The success of a project depends in a good way on how teamwork is considered. Finding the most suitable routine and rhythms helps a team achieve its goals more easily, but this is not always easy. As an organization manager, you should be aware of the characteristics of your employees and the type of work they do to know which of the two most popular agile techniques will give you the best results: Kanban or SCRUM. Both options have very defined characteristics, which condition the proper implementation of these systems in one frame or another of work. Therefore, it is worth knowing them more in depth.
Kanban and SCRUM are used every day in development teams, but, increasingly, also in other sectors. Between the two terms, Kanban is the one that has always been closer to other industries, such as the automobile industry.
The SCRUM methodology seeks to establish a work framework adaptable to the tasks that must be carried out in a period of between 1 and 4 weeks of intensive work. Once the product is finished and launched, another cycle begins the same. What are the advantages of working like this? Essentially, speed and flexibility when combining work processes. Anyway, we must also bear in mind that a calendar so marked and strict can condition some teams, who will feel their activity restricted by the strict guidelines set at the beginning of each intensive work cycle.
For its part, the Kanban is a concept of work organization similar to the Scrum, although more flexible. This methodology accepts the possibility of rethinking the priorities of the work as the needs of the moment change. The team helps the workflow to be much better, and prevents stagnation in predefined patterns. Moreover, in this case it is possible to decide to reject the initial proposals of the project organization, if the team members perceive that it does not work properly.
Kanban vs. SCRUM: What work methodology is better?
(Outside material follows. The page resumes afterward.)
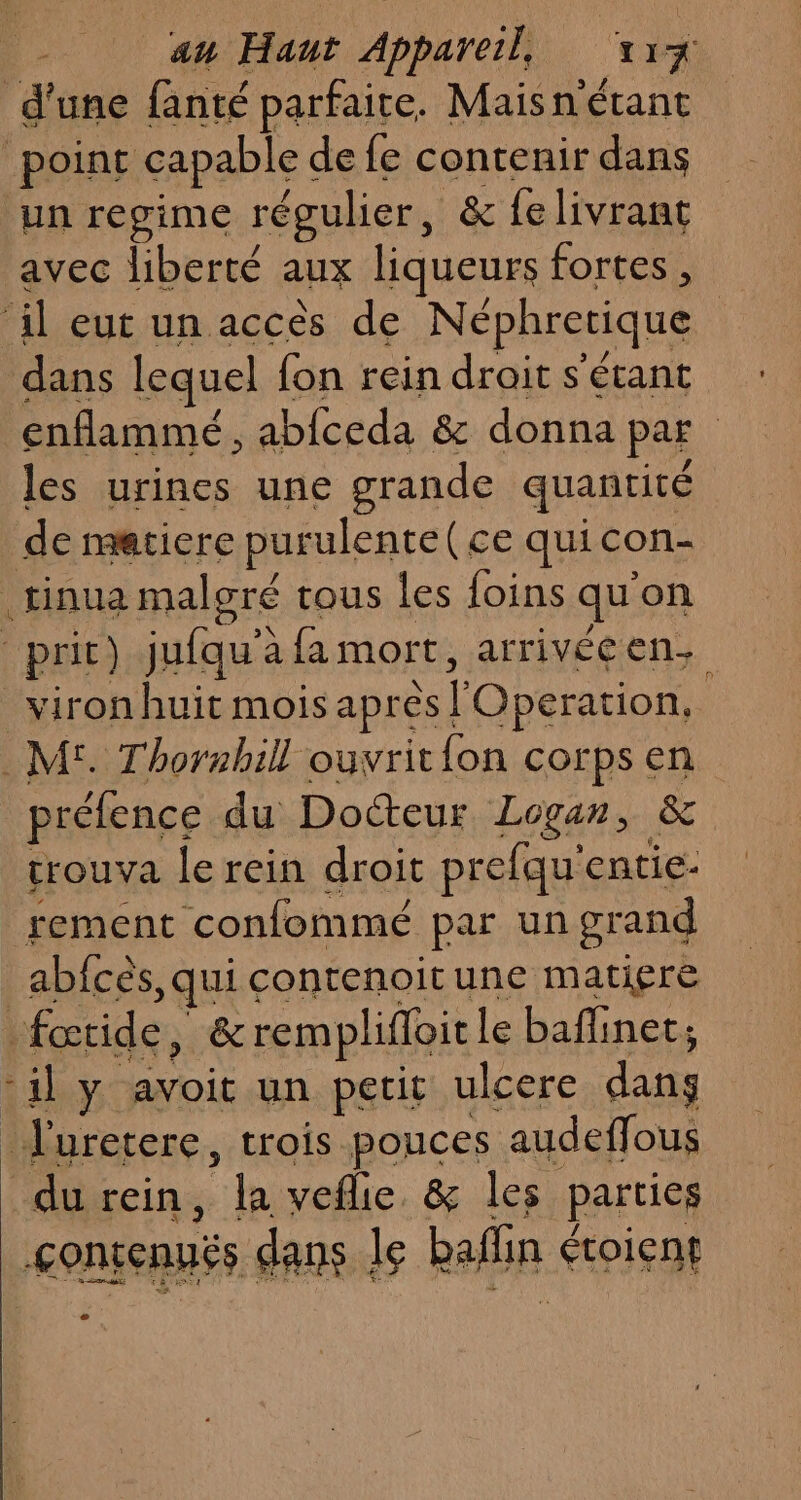 d'une fanté parfaite. Maisnétant point capable de fe contenir dans un regime régulier , &amp; felivrant avec liberté aux liqueurs fortes, ‘il eut un accès de Néphretique dans lequel fon rein droit s'étant enflammé , abfceda &amp; donna par les urines une grande quantité de matiere purulente(ce quicon- .tinua malgré tous les foins qu'on prit) jufqu’à fa mort, arrivéeen. _viron huit mois apres l'Operation. .M£. Thorsbill ouvrit{on corps en préfence du Docteur Logan, &amp; trouva le rein droit prefqu'entie- rement confommé par un grand _abfcès, qui contenoitune matiere fœtide, &amp;remplifloitle baflinet; -il y avoit un petit ulcere dans J'uretere, trois pouces audeffous durein, la veflie &amp; les parties çontenuës dans le baflin étoient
Using agile methodologies to manage your projects can greatly improve your productivity and that of your company. Which is the best and how to choose the right one according to your needs and your development model?
When dealing with the management of a project, the main difficulty for both those responsible for organizing and distributing the tasks and those responsible for carrying them out, is to achieve specific objectives and organize them according to previously established priorities and delivery periods. The traditional approach consisted in facing the whole project as if it were a single task, elaborating a single and rigid plan of action that was not susceptible of being modified according to the contingencies that might appear. This entails many logistical and organizational problems. First, a business project cannot be carried out by a single individual or a very small group. On the other hand, the business environment, the needs of customers, the economic context. They are constantly changing. An effective and agile project management must be able to adapt to all these eventualities and start from a principle of constant improvement.
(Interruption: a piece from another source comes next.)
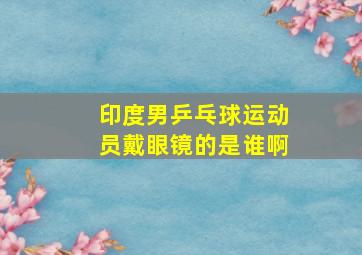 印度男乒乓球运动员戴眼镜的是谁啊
To be more efficient, it is very useful to divide a large project into smaller tasks that are more manageable, assigning each of them to a small group of individuals, establishing short delivery periods and carrying out constant controls to ensure the adequacy of the objectives and actions to the needs and circumstances of the moment.
This is the goal of Scrum. A business project is divided into blocks of tasks that can be carried out by small groups of individuals and that have an estimated duration of approximately two weeks, with intermediate controls and at the end of the assigned period.
But is it possible to be even more efficient?
Here the Kanban methodology comes into play. It consists of taking one more step towards the fragmentation of the project, turning it into tasks as small and simple as possible that are distributed on a colorful board according to an order of preferences.
In this case, the tasks can involve a single individual during periods of time as short as a few hours. This not only allows an immediate adaptation to the circumstances, but also manages to improve the sensations perceived by the workers. Far from feeling overwhelmed by a huge project that surpasses them, they feel occupied in carrying out small tasks, so they constantly obtain the satisfaction of the objective accomplished when making each delivery.
That is why the visual distribution of tasks is so important. A Kanban board consists of three columns. In one of them, the pending tasks are placed, in another of the tasks that are being carried out at this moment and in the third, the tasks that have already been carried out. The satisfaction of changing tasks from one column to another is a small dose of optimism that can make big differences at the end of a work day. Likewise, the visual distribution of the tasks allows to know immediately which are pending and their order of priority.
Scrum vs Kanban: benefits and points in common of both methodologies
More than Scrum vs. Kanban, what must be considered is what aspects of Scrum and Kanban can be used in each project to effectively develop products and services. For this, it is necessary to know the advantages of both approaches:
Are you still having doubts about the differences and similarities between Kanban and Scrum? Keep these considerations in mind in order to distinguish them.
- Srum’s workflow focuses on work intervals, in which tasks must progress steadily.
- Kanban conceives the work based on individual items, which can be added or eliminated from each phase of the project, according to the needs of each moment. Precisely because of this, and to avoid gaps between the various team members, it requires a monitoring of the entire process.
Consequently, the Scrum organizational scheme can fit much better in team projects that remain constant throughout its execution, while Kanban will fit much better in a high-level process of work, carried out by a mature team and able to evolve according to the needs of the moment.